Friday, September 14, 2012

Election Model: National Simulation

Simulating National Outcomes

National Elections are more about a national message than high variability in any given state. I simulate a national outcome first, then simulate individual state outcomes based on both the national outcome and how each individual state tends to perform relative to the national outcome (for example, Vermont currently looks 17 points better for Obama than the national outcome, Alabama looks 21 points worse). Simulating in this manner ensures that states tends to move together with the national outcome, but are allowed to vary individually.

Each individual election is simulated by drawing a random sample from a normal distribution, then the results are aggregated to give summary statistics (for example, Obama won the Electoral Vote 84.1% of the time the last time I ran 25,000 simulations). The mean and variance of the distributions are calculated as follows:

The mean is based on polling average. For national outcomes the mean is simply the current polling average. For state outcomes it is the national poll average + the state adjustment (+17 for Vermont, -21 for Alabama).

Variance is more difficult and I've struggled with it. I ultimately decided on the following. Using the calibrated logistic function I believe I've arrived a way of translate polling advantage, sample size, and distance to the election into a reliable winning percentage in a way that is cognizant of the 3 primary sources of error. In calculating the appropriate variance to use I leverage that calculation. Given that I know an average polling outcome (say, Obama +8.9 for Connecticut) and the probability Obama wins that state (if the state election were an independent event) in this case 98.67%. Using those two numbers I can calculate an implied polling standard deviation (4.02% in the case of CT

The detailed outcomes from my 9/13 simulation are below.

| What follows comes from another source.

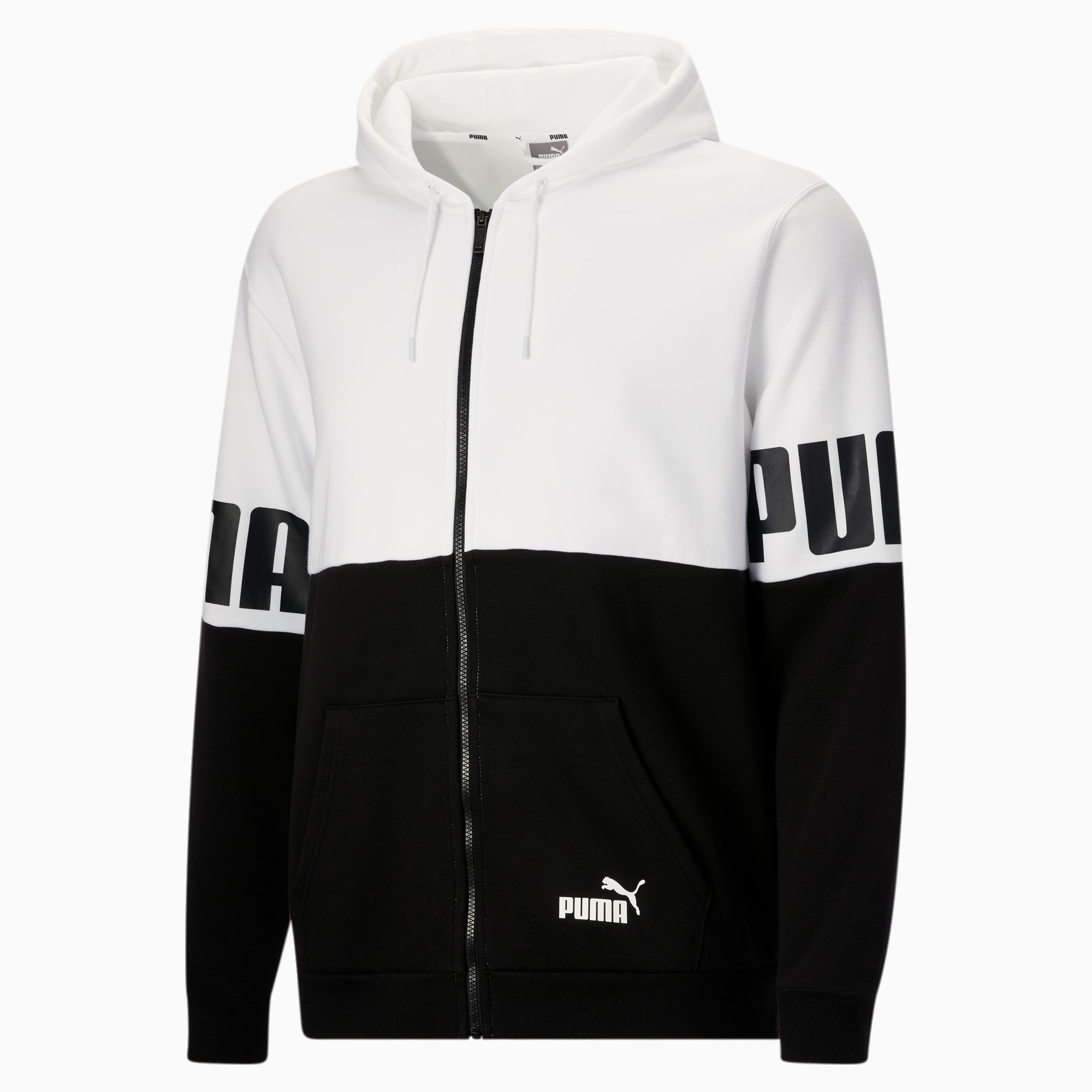 Sudadera Hombre PUMA POWER Colorblock H. Black-hot heat 675910 56 Por 54,00  €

  1. May I ask why you are using the logistic function instead of just the raw poll results (i.e. if Obama's poll result in a state is 53%, why not just say his probability of winning in that state is 53%)?

    1. Historical data simply doesn't support bear out an approach like that, and neither does common sense.

      As a demonstration let's look at Kansas. The model currently gives Romney 100% chance to win in Kansas, an 18 point lead there. If we assumed there were no undecided voters in Kansas that comes out to 59% - 41%; if the model assigned President Obama a 41% chance of winning Kansas it would be very very wrong to do so.